### Task material
════════

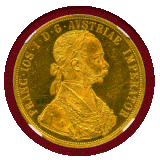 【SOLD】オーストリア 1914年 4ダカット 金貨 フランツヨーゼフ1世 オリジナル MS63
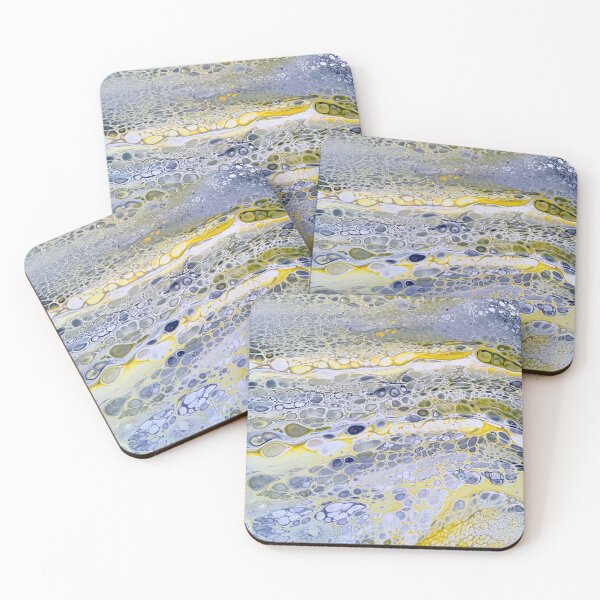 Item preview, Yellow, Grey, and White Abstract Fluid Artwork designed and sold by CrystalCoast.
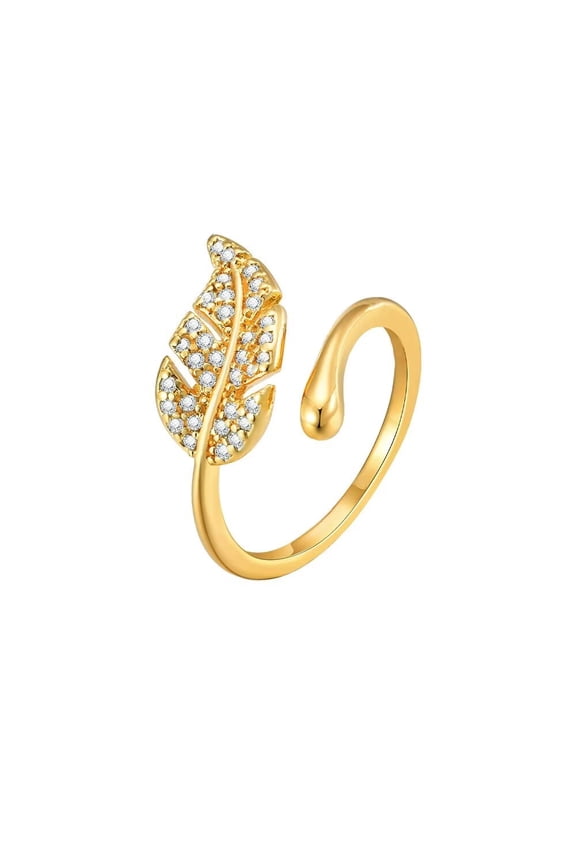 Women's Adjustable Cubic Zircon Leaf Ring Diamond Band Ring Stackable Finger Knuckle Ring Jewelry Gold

════════

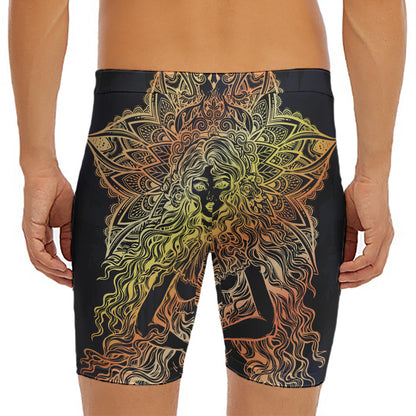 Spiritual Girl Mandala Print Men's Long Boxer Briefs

════════

### Instructions for the task
Please output, exactly as written, the lines above from the one holding "フランツヨーゼフ1世 オリジナル MS63" through the one holding "Women's Adjustable Cubic", both included, with the pictures omitted.

### Answer for the task
 【SOLD】オーストリア 1914年 4ダカット 金貨 フランツヨーゼフ1世 オリジナル MS63
 Item preview, Yellow, Grey, and White Abstract Fluid Artwork designed and sold by CrystalCoast.
 Women's Adjustable Cubic Zircon Leaf Ring Diamond Band Ring Stackable Finger Knuckle Ring Jewelry Gold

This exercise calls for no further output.